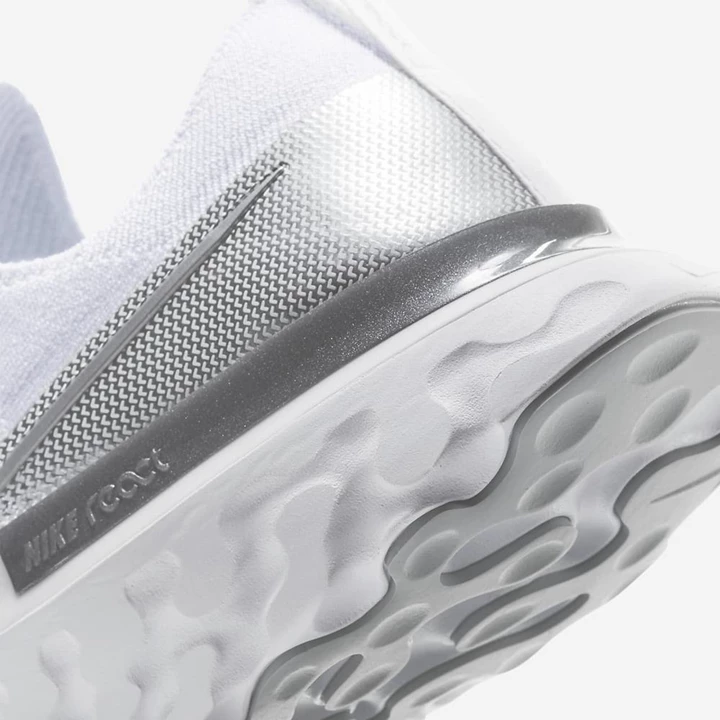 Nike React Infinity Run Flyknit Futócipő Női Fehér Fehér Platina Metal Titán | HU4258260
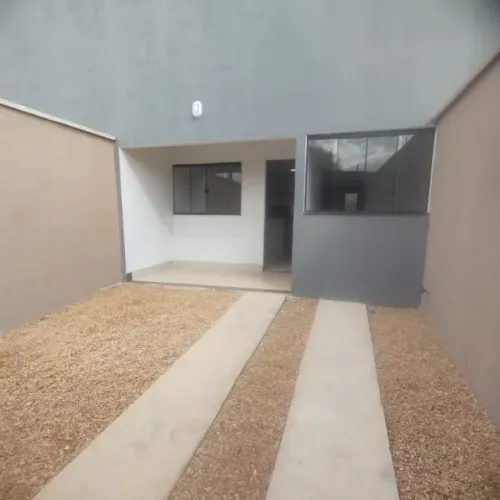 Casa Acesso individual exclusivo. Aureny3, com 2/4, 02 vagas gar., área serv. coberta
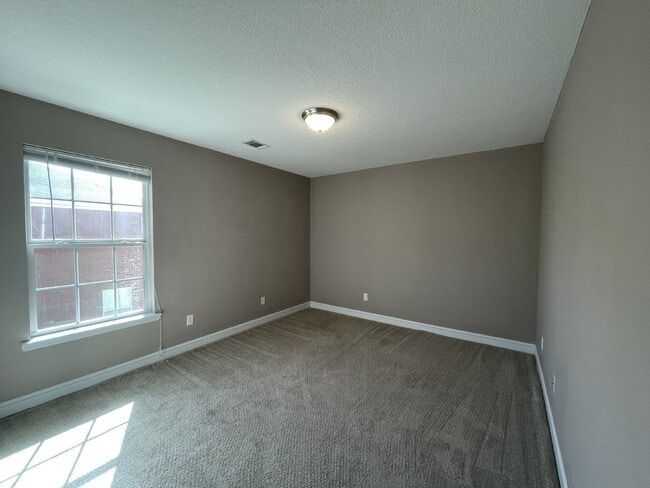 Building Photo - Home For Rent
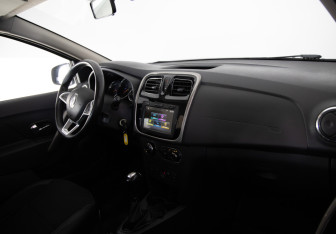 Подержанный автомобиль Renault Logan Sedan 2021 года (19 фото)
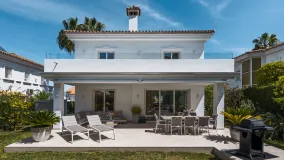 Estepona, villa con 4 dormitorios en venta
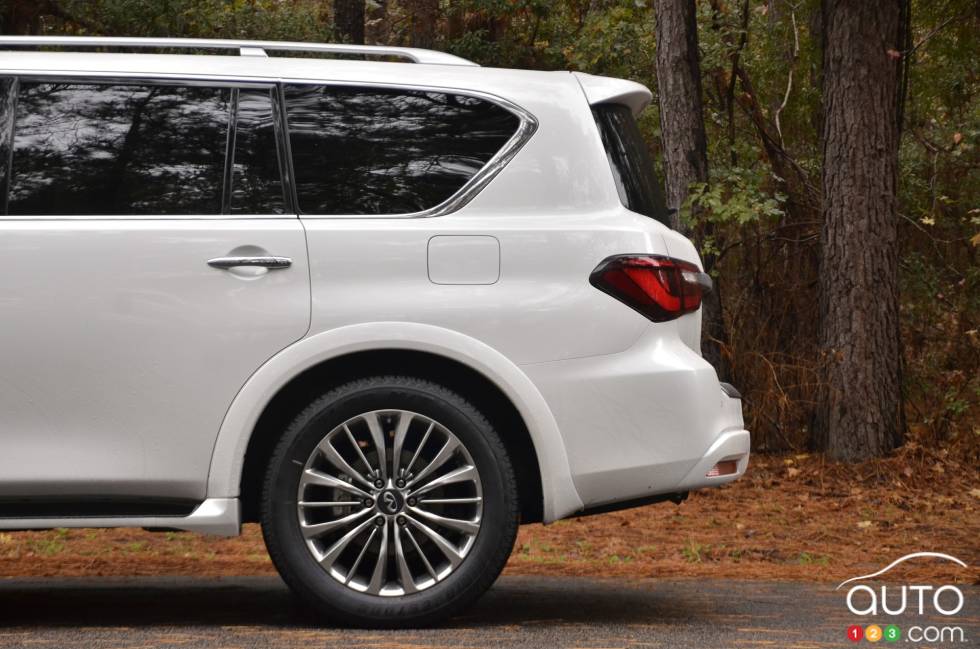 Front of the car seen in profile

::::

## WORK INSTRUCTION
Take the line with "Подержанный автомобиль Renault" and every line after it through the end of the data, and write only them out exactly, leaving out the pictures.

## REPLY TO THE EXERCISE
 Подержанный автомобиль Renault Logan Sedan 2021 года (19 фото)
 Estepona, villa con 4 dormitorios en venta
 Front of the car seen in profile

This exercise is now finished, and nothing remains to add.